The Standardized Precipitation Index (SPI) is a widely used drought index that provides a measure of precipitation anomalies relative to the long-term average. The SPI is calculated for different time scales (e.g., 1, 3, 6, 12 months) and can be used to monitor drought conditions, assess drought severity, and support drought early warning systems, as it provides a standardized measure of precipitation anomalies that can be compared across districts and time periods.

In this tutorial, we will walk through the process of calculating the SPI for Somalia at the subnational level using the {SCI} package in R.

About the data

The rainfall dataset used in this tutorial comes from the Humanitarian Data Exchange (HDX) initiative of the United Nations Office for the Coordination of Humanitarian Affairs (OCHA) and provides monthly precipitation data for Somalia’s subnational districts.

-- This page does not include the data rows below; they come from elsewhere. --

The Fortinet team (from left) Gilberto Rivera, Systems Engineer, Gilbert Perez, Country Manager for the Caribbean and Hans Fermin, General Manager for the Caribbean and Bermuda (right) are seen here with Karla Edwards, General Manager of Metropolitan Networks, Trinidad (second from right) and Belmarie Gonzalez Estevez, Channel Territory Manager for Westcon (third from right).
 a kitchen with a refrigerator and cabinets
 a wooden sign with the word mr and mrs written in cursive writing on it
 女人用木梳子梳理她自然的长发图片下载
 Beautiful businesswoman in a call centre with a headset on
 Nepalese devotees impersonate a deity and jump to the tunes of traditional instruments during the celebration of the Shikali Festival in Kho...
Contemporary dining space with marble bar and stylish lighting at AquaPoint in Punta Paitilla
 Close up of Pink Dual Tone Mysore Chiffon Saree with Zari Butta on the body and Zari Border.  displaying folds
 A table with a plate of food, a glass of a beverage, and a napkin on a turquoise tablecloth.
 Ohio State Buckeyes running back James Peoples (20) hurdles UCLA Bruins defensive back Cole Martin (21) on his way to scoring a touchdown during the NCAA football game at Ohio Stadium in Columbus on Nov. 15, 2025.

It is derived from CHIRPS v2 (Climate Hazards Group InfraRed Precipitation with in situ Station data), using satellite imagery combined with ground-based observations.

For each 10-day period (dekad), the dataset includes the following indicators:

  • rfh: Total rainfall (mm) over 10 days
  • r1h: 1-month rolling rainfall sum (mm)
  • r3h: 3-month rolling rainfall sum (mm)
  • rfh_avg: Long-term average rainfall for the dekad (mm)
  • r1h_avg: Long-term average for 1-month rolling rainfall (mm)
  • r3h_avg: Long-term average for 3-month rolling rainfall (mm)
  • rfq: Rainfall anomaly (%)
  • r1q: Rainfall anomaly (%)
  • r3q: 3-month rainfall anomaly (%)

The data is aggregated at the subnational level and follows administrative boundaries defined by the World Food Programme (WFP), with each unit assigned a unique code (Pcode).

Set-up

Before we begin, we need to install and load the necessary R packages. We will be using the {tidyverse} package for data wrangling, as well as the {SCI} package for calculating the SPI.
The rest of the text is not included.